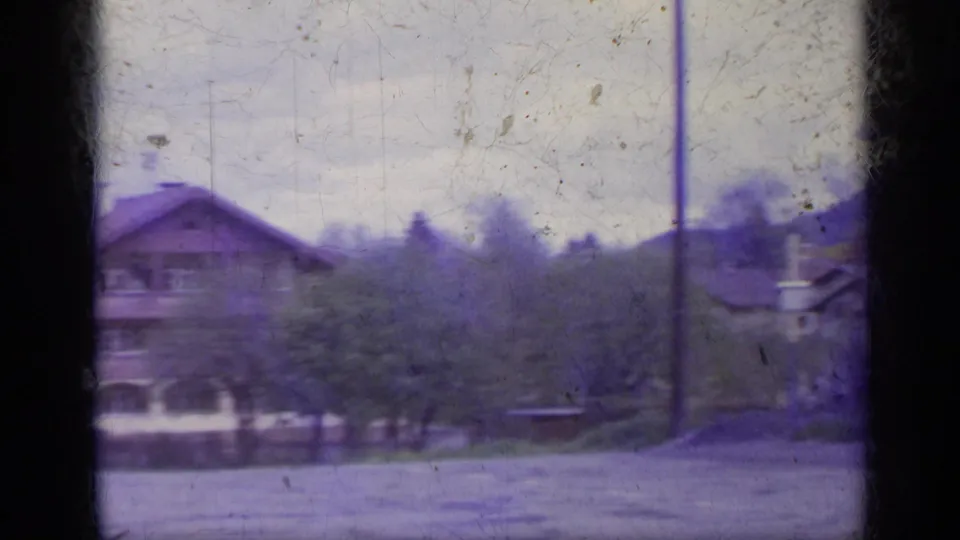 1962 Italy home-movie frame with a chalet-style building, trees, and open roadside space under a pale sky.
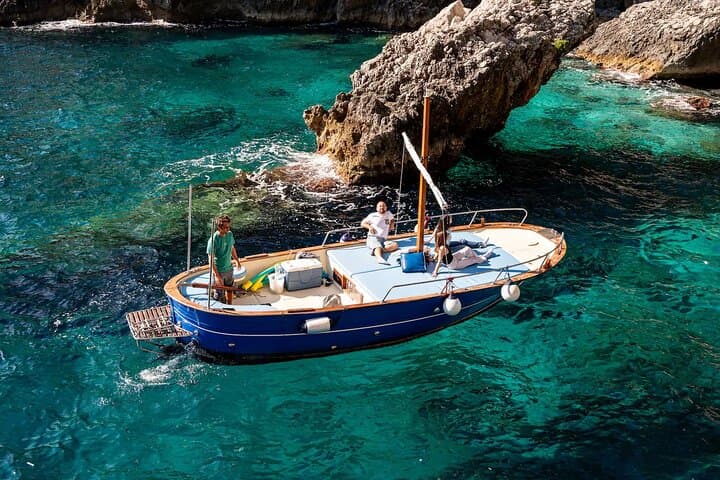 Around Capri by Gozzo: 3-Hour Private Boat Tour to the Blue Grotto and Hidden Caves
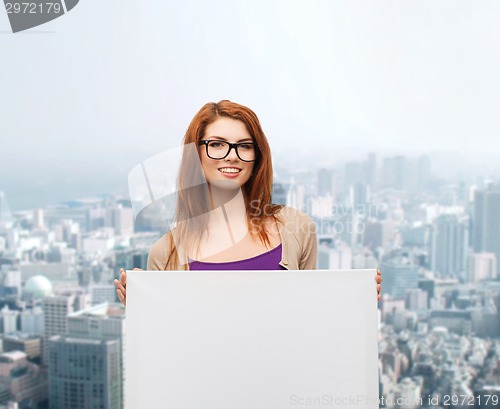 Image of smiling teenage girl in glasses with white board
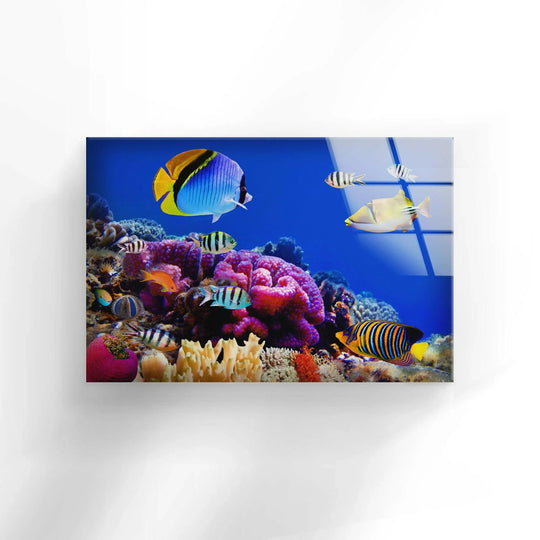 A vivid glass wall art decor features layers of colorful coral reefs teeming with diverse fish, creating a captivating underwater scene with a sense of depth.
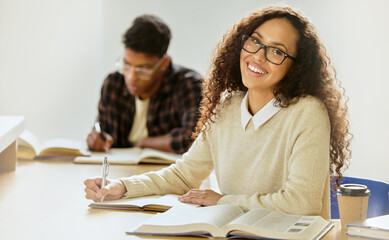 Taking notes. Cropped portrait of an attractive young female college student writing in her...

========================================

◆ **TASK INSTRUCTIONS**: Transcribe exactly the lines above, running from the one that contains "Image of smiling" through the final line of the listing, and skip every picture.

◆ **THE COMPLETED TASK**:
 Image of smiling teenage girl in glasses with white board
 A vivid glass wall art decor features layers of colorful coral reefs teeming with diverse fish, creating a captivating underwater scene with a sense of depth.
 Taking notes. Cropped portrait of an attractive young female college student writing in her...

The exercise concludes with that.